A premium, high-performance offline Android client for running Large Language Models (LLMs) on-device with multimodal OCR and NPU acceleration.
Download - Features - Screenshots - Credits - Disclaimer
Warning
Local LLM/AI executes AI models entirely on your physical mobile device. Running large models is highly resource-intensive and requires a modern processor and sufficient RAM (6 GB+). System stability, inference speeds, and output quality depend entirely on your hardware capability. Model weights (such as Qwen, DeepSeek, or Gemma) are not packaged inside the APK and must be downloaded or transferred manually due to their size (1.5 GB+).
Additionally, this application executes all calculations offline. No internet connection is required after models are downloaded, and no conversational data ever leaves your device.
Local LLM/AI is a high-fidelity, modern Android client designed to provide a completely private, offline, and secure conversational AI experience. By integrating Google's optimized MediaPipe Tasks GenAI engine, the app compiles and runs lightweight LLMs (like Qwen 2.5, DeepSeek-R1, Phi-2, and Gemma 2B) natively on mobile hardware.
The app includes dynamic backend routing depending on the build flavor:
- Normal Flavor: Targets GPU acceleration (Vulkan) for responsive streaming generation with graceful CPU fallback.
- NPU Flavor: Configured to delegate inference directly to the device's system NPU/AI chip via NNAPI.
The app wraps this powerful local engine in a premium, fluid Jetpack Compose (Material 3) user interface featuring offline OCR document parsing, video/file media integration, and background download handling.
The app includes built-in presets for several highly-capable, lightweight models optimized for mobile execution. Below are their approximate download sizes and memory requirements:
| Model | Developer | Parameters | Approx. Size | Min. RAM Requirement |
|---|---|---|---|---|
| Qwen 2.5 1.5B Instruct | Alibaba | 1.5B | ~1.6 GB | 6 GB+ |
| DeepSeek-R1 Distill Qwen 1.5B | DeepSeek | 1.5B | ~1.6 GB | 6 GB+ |
| Gemma 1.1 2B IT | 2B | ~1.4 GB | 8 GB+ | |
| Phi-2 2.7B | Microsoft | 2.7B | ~1.6 GB | 8 GB+ |
| Inference | Multimodal & OCR (100% Offline) |
|---|---|
| High-performance offline LLM execution | Attach Images, Videos & Documents (PDF, Code, Text) |
Dual-flavor release (normal Vulkan GPU & npu routing) |
Offline image OCR text extraction using Google ML Kit |
| Graceful CPU fallback optimization | Offline page-by-page PDF rendering and text recognition |
| Streaming word-by-word responses | Playback attached videos natively and view documents via Intent |
| UI / Experience | Core Features |
|---|---|
| Premium Material 3 dynamic styling | Complete offline privacy (no logs or tracking) |
| Custom system instructions prompt | Large model memory size & RAM badges in-app |
| Interactive file attachments preview drawer | Multi-turn chat context memory (6-turn history) |
| Collapsible OCR logs under bubble cards | Quantized weights optimizations |
Grab the latest compiled APKs from the GitHub releases page.

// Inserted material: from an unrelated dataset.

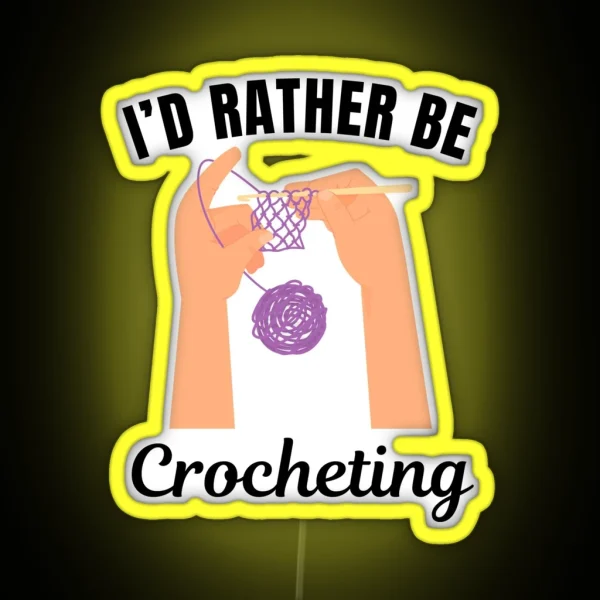I D Rather Be Crocheting Knitting Hobby Lovers RGB Neon Sign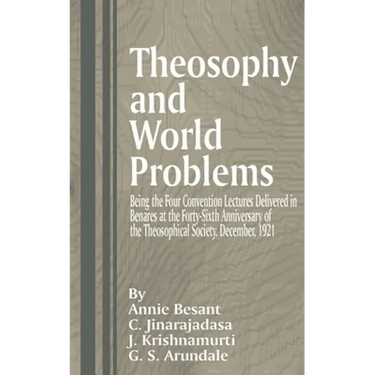 Theosophy and World Problems: Being the Four Convention Lectures Delivered in Benares at the Forty-Sixth Anniversary of the Theosophical Society, De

We compile two separate releases for each update:
- Normal Release (
app-normal-release-unsigned.apk): Optimized for general devices using mobile GPU (Vulkan) or CPU. - NPU Release (
app-npu-release-unsigned.apk): Designed for modern phones featuring specialized AI chips (NPU), utilizing neural network API routing (LlmInference.Backend.DEFAULT). Includes the.npuapplication suffix so you can install both releases side-by-side.
To compile the application yourself, ensure you have Java 17 and Android SDK set up. Set your JDK path and run the compilation:
$env:JAVA_HOME = "C:\Users\Badsiwal\.gradle\jdks\eclipse_adoptium-17-amd64-windows.2"
./gradlew assembleNormalRelease$env:JAVA_HOME = "C:\Users\Badsiwal\.gradle\jdks\eclipse_adoptium-17-amd64-windows.2"
./gradlew assembleNpuReleaseLocal LLM/AI is built on top of state-of-the-art on-device intelligence libraries and modern Android components.
Special thanks to:
- Google MediaPipe Tasks GenAI
- Google ML Kit Text Recognition
- Jetpack Compose & Material 3
- Coil Image Loading Library
- OkHttp
- Kotlin Coroutines Flow
Local LLM/AI is licensed under the MIT License. See LICENSE for details.
Local LLM/AI is an independent, unofficial project. It is not affiliated with, funded, authorized, endorsed by, or associated with Google LLC, MediaPipe, Gemma, or any of their affiliates.
All trademarks, service marks, catalogs, artwork, metadata, and model weights remain the property of their respective owners. Users are responsible for procuring and loading model files in compliance with the respective model's terms of use, license agreements, and regional requirements.